A number of years ago, my mother, who lives in Cleveland, received a call from the major local paper, the Cleveland Plain Dealer. The paper was doing a feature story on the mikveh, the Jewish ritual bath, for its weekend column on religion. They called my mother, an Orthodox rebbitzen and a well-respected academic, for her observations. During the interview, the reporter asked my mother, “When you went to the mikveh, did you experience spirituality?” My mother answered, “All religious experiences involve spirituality. If you mean, did I feel a halo hover over my head, no. But did I feel I was performing a divine commandment? Then definitely, yes.”
The divine commandment as the ultimate spiritual moment explains an enigmatic story that has occupied the attention of Bible scholars from time immemorial. The story occurs right after Miriam dies, and the water supply for the Jews in the desert suddenly goes dry. To rectify the problem, God commands Moses and Aaron to speak to the rock in order to extract water. But, in a moment of frustration, Moses hits the rock twice with his staff and subsequently water miraculously gushes forth. Following this act, the Torah records that God said to Moses and Aaron, “You did not believe in Me enough to sanctify Me in the presence of the Children of Israel. Therefore, you will not bring this congregation into the land that I have given them” (Numbers 20:12).

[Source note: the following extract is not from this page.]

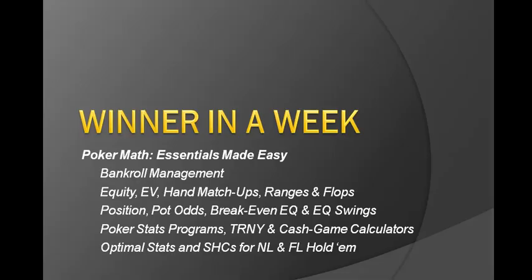Hello everybody and welcome back to this fourth video in the Winner in a Week series on Poker Math entitled Essentials Made Easy. My name is Dylan and in this video I'll be covering the essential statistics that you need to know and understand in Texas Hold'em Manager and how you can apply these both in game and especially for using the tournament and cash game calculators that we've created for you. So that being said, I'd like to jump right into it.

The punishment was swift in coming, but one must wonder how God could claim that Moses and Aaron did not sanctify His name? Did anyone who witnessed the water gushing out of the rock think this was not a miracle? Certainly everyone present knew that it was a great miracle. When does a rock produce water, let alone more water than the mass of the rock itself, which certainly violates every law of basic physics?
Perhaps, however, we can find an answer to this problem. God wanted Moses and Aaron to speak and not to perform any act. God wanted the Jewish people to learn that you do not have to do “wild and crazy” acts to encounter the Almighty. The lesson God wanted us to learn was that we just have to speak and God listens.
In simple language, if you want spirituality, you don’t need meditation or kabbalah. You don’t need anyone teaching you mysticism. In Judaism, the greatest spiritual encounter is simply talking to God. Every time we thank God for our physical needs, such as in the morning blessings when we thank Him for our ability to see, to walk and to care for our bodily functions, we have achieved the ultimate spiritual moment possible.
And maybe that is the point. What is Jewish spirituality? The answer is realizing that we must be grateful to God for all of the gifts we receive daily. Spirituality isn’t mystical; it is rational and concrete. We just have to think about what we do, and then it all becomes a remarkably close encounter with the divine.
Holocaust scholar Michael Berenbaum once told me the following story:
After years of trying to locate documentation of religious heroism among the Orthodox community during the Holocaust, he finally made some inroads by interviewing a Chasidic rebbe who had survived those ghastly years. The rebbe recounted how, in 1944, he was assigned to clear the railroad tracks in Auschwitz after Jews arrived at the concentration camp and deposited their belongings on the tracks. Following the arrival of a train filled with Hungarian Jews, he found a pair of tefillin and smuggled them into his barracks. Every morning, while it was still dark outside, he tried to put on tefillin. He wasn’t successful every day, but the days he was, he told Berenbaum, he will never forget. Wearing those tefillin in the hell of Auschwitz proved to be the most spiritual moments of his life.
The real spiritual story in Judaism is encountering God every day by performing mitzvot and conversing with God in prayer. That isn’t a buzzword; that is reality.